Trois conditions doivent être remplies pour que ces titres ne soient pas considérés comme des placements financiers :
● Le patrimoine de la société qui a émis les titres doit être principalement immobilier. Les trois catégories de biens pouvant être pris en compte pour apprécier la composition de ce patrimoine sont les immeubles bâtis ou non bâtis, les droits réels immobiliers portant sur de tels biens (usufruit, bail à construction…) ou les titres de sociétés elles-mêmes à prépondérance immobilière. La prépondérance immobilière est par la suite constatée si la valeur de ces biens situés en France (1) représente plus de 50 % de la valeur de l’actif social situé en France.
● Les titres ne doivent pas être admis aux négociations sur un marché réglementé français ou étranger. Une exception s’applique néanmoins aux titres des SICOMI qui sont considérés comme des placements financiers, que la société soit cotée ou non, afin de ne pas introduire de distorsion de concurrence à l’intérieur de cette catégorie.
● Les actions et les parts sont détenues par des redevables de l’ISF qui n’ont pas leur domicile fiscal en France.
(1) Autres que les immeubles affectés par la société à sa propre exploitation industrielle, commerciale industrielle, commerciale, agricole ou non commerciale.
Les actions et parts répondant à ces trois conditions sont alors imposées à proportion de la valeur des biens immobiliers situés en France par rapport à l’actif total de la société en France et à l’étranger.
Par exemple, une société dispose d’un actif social d’une valeur totale de 100 répartie comme suit :
_____________Actifs français_______Actifs étrangers___________Total
Immobilier 30 10 40
Mobilier 10 50 60
Total 40 60 100
Cette société sera considérée comme une société à prépondérance immobilière car son patrimoine immobilier situé en France représente 75 % de son actif social situé en France et ce, alors même que son patrimoine total n’est pas principalement composé de biens immobiliers.
Si la valeur d’une part de cette société est de 10, seule une valeur de 3 sera imposée au titre de l’ISF puisque l’actif immobilier sis en France ne représente que 30 % de l’actif total de la société.
3– Les pratiques d’optimisation
Les parts de sociétés à prépondérance immobilière ainsi définies sont soumises à l’ISF pour leur valeur vénale qui est obtenue en divisant l’actif net comptable par le nombre de parts.
L’actif net comptable d’une société correspond à la valeur du patrimoine immobilier détenu, augmentée des fonds bancaires dont elle dispose et minorée de toutes les dettes inscrites au passif, à l’instar des apports en compte courant par les associés. Ces comptes courants retracent le montant des sommes prêtées temporairement à la société par le contribuable.

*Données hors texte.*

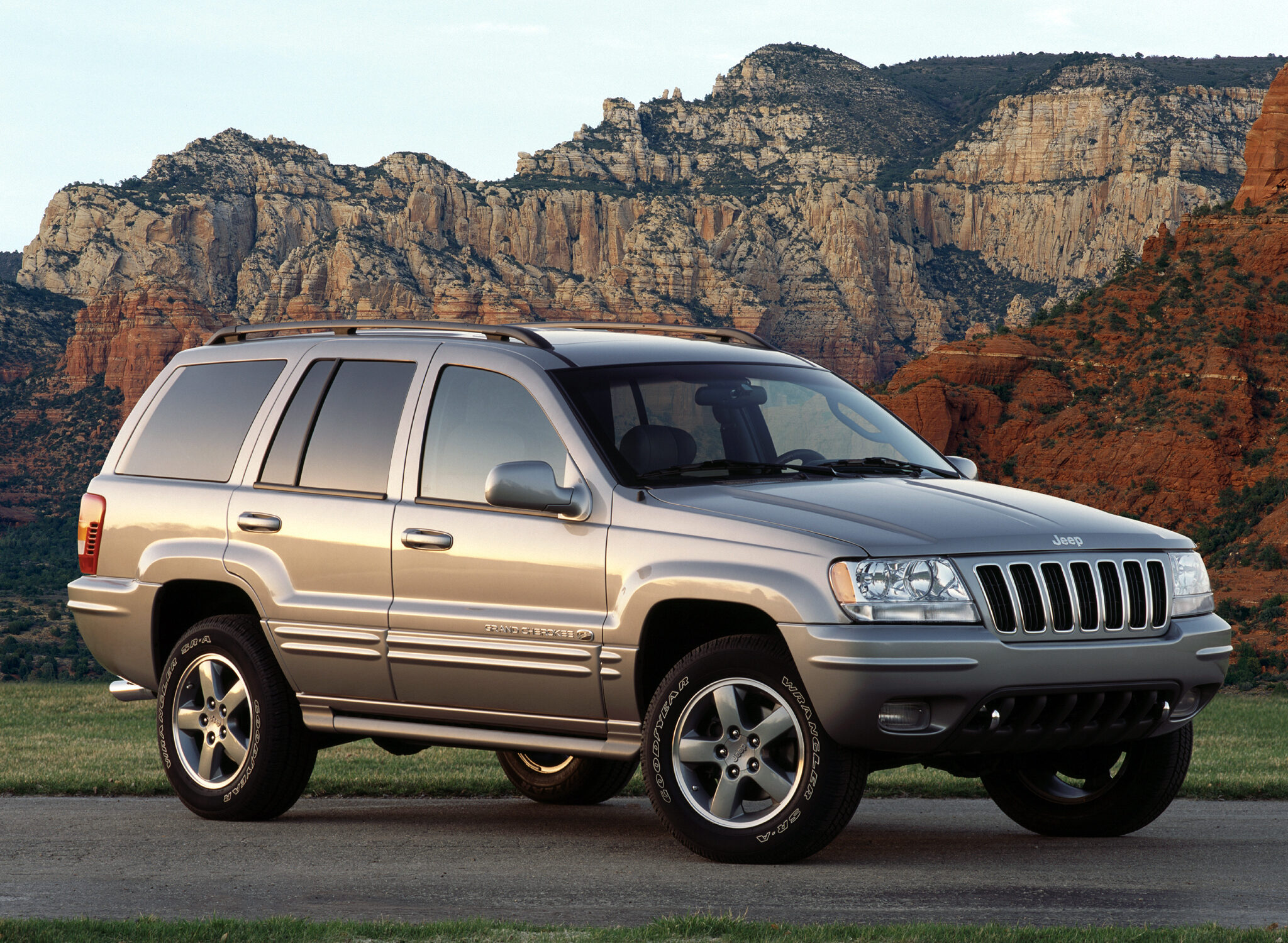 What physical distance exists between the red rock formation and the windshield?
103512mm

En théorie, cette possibilité permet à la société de bénéficier, en cas de besoin, d’une source de financement interne et moins coûteuse que les autres formes de financement. Ces comptes constituent un élément de souplesse très important pour les sociétés et l’acceptation d’un risque pour les associés qui détiennent cette créance.
Les apports en compte courant sont considérés comme des placements financiers et sont donc exonérés d’ISF si le contribuable est non-résident. Cette exonération vise ainsi à renforcer l’attractivité des sociétés situées en France, qui pourraient bénéficier de placements étrangers et à protéger celles dont certains des associés sont non-résidents. Toutefois, elle permet également des montages d’optimisation de l’impôt dû au titre de l’ISF que cet article se propose d’encadrer.

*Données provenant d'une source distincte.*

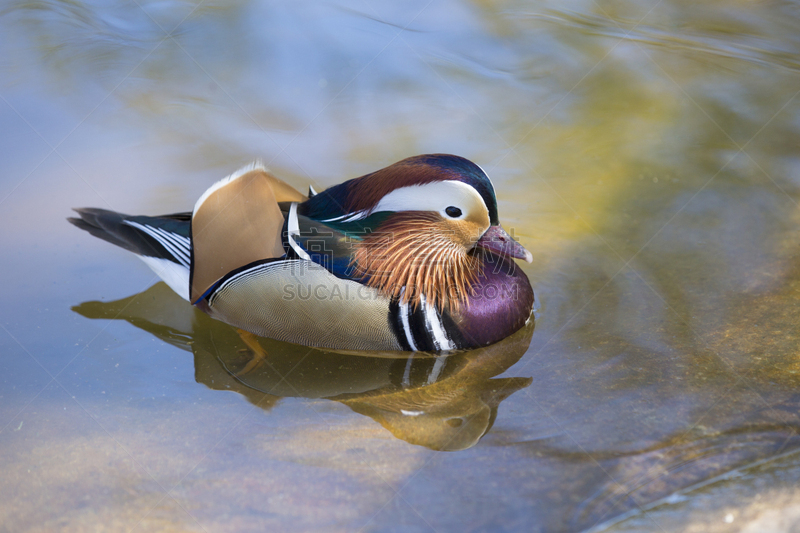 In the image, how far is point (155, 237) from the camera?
369 cm

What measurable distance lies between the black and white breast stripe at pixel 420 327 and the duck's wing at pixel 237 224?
2.23 ft

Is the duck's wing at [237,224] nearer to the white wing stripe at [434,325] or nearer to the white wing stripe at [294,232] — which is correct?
the white wing stripe at [294,232]

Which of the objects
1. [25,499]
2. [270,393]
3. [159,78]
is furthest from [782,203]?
[159,78]

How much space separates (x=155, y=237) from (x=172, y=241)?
12 cm

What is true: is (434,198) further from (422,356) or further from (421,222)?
(422,356)

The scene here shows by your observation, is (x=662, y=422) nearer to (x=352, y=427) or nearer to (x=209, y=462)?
(x=352, y=427)

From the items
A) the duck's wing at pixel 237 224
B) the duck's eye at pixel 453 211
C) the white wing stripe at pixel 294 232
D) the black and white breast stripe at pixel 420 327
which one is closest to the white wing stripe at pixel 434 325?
the black and white breast stripe at pixel 420 327

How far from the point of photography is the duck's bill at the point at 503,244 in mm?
3492

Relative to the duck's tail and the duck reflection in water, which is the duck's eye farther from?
the duck's tail

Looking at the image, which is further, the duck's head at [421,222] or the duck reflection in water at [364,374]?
the duck's head at [421,222]

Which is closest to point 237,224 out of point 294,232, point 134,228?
point 294,232

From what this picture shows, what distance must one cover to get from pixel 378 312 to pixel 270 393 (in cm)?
68

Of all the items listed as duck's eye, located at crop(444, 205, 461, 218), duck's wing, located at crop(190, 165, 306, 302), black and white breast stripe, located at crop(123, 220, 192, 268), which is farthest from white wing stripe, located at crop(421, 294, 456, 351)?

En effet, les apports en compte courant d’un contribuable non-résident figurant au passif des comptes de la société diminuent le montant de l’actif net comptable de cette société et par conséquent, la valeur de la part détenue par ce même contribuable. Si ce contribuable avait été résident, ce schéma d’optimisation n’aurait pas été possible puisque ces placements financiers auraient été imposés.
Dans le cas d’une société dont l’actif est de 20 et à laquelle un associé résident et un associé non-résident ont apporté chacun 10 sur des comptes courants d’associés, l’actif comptable net est nul et, par conséquent, la valeur des parts l’est également. Aucun des associés ne sera donc soumis à l’ISF au titre de ces parts.

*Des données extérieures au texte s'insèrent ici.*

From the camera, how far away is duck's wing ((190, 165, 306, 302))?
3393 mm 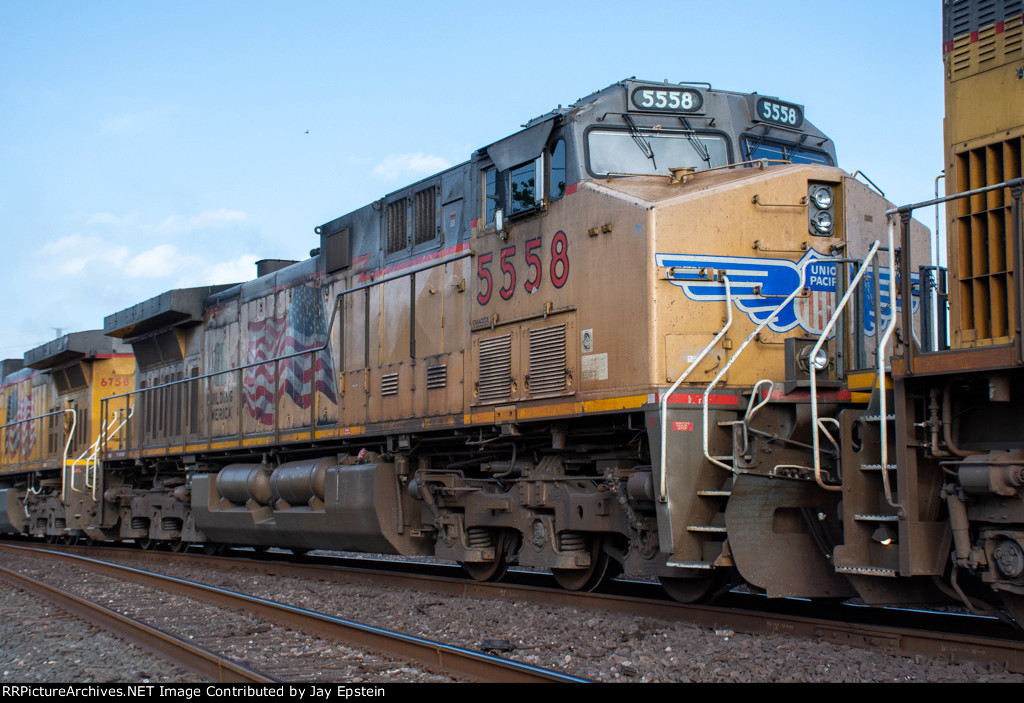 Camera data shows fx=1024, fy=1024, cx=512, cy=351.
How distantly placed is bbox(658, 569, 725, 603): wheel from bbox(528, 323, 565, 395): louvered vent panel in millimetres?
1662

Cependant, le contribuable résident sera imposé à l’ISF au titre de son placement financier de 10, alors que le contribuable non-résident n’est pas imposable sur cette assiette.
On constate donc que le contribuable non-résident peut annuler ainsi son imposition au titre de l’ISF, tout en réduisant de moitié celle du contribuable résident, bénéficiaire indirecte de l’exonération.
II– LA NEUTRALISATION DES CRÉANCES DES NON-RÉSIDENTS POUR LA VALORISATION DES PARTS DE SOCIÉTÉS À PRÉPONDÉRANCE IMMOBILIÈRE
1– L’effet anti-abus de la mesure
Le présent article introduit un nouvel article 885 ter bis dans le CGI qui prévoit, qu’à compter de l’ISF acquitté au titre de l’année 2012, les créances détenues directement ou indirectement par les contribuables non-résidents dans des sociétés à prépondérance immobilière (1) ne sont plus prises en compte pour la détermination de la valeur des parts. Ces placements financiers ne sont donc pas imposés à l’ISF, mais simplement neutralisés au regard de la détermination de l’actif net comptable.
Dans l’hypothèse d’un tel mode de valorisation des parts, une société dont l’actif est de 20 et à laquelle un associé résident et un associé non-résident ont apporté chacun 10 sur des comptes courants d’associés, possède un actif comptable net de 10 puisque seul l’apport en compte courant du contribuable résident est porté au passif. Dans un premier temps, la valeur des parts détenues par les deux associés est déterminée par rapport à cet actif comptable net de 10. Ils sont donc chacun imposable à ce titre à l’ISF. Dans un deuxième temps, le contribuable résident est imposé à l’ISF au titre de son placement financier de 10, alors que le contribuable non-résident demeure non imposable sur cette assiette.
Par conséquent, le contribuable résident ne bénéficie plus indirectement de l’exonération, tandis que le contribuable non-résident ne peut plus annuler son imposition à l’ISF.
(1) Celles-ci sont désormais définies par référence à l’article 726 du CGI qui reprend la définition doctrinaire présentée à la DB 7 S 346.
2– Rendement de la mesure
Bien qu’il soit très difficile de chiffrer cette mesure, son rendement attendu est 20 millions d’euros par an. Aucune indication n’a pu être présentée sur le nombre de contribuables concernés et sur le ressaut d’imposition généré. Ce chiffrage qui repose sur la reconstitution d’une assiette de logements pouvant entrer dans la composition d’un patrimoine taxable à l’ISF, se fonde sur l’hypothèse non vérifiable que les contribuables non-résidents ont systématiquement optimisé leur imposition et que cette optimisation a permis de neutraliser entièrement l’imposition due. Par conséquent, le montant d’impôt supplémentaire résultant de la mesure devrait vraisemblablement être inférieur au montant présenté.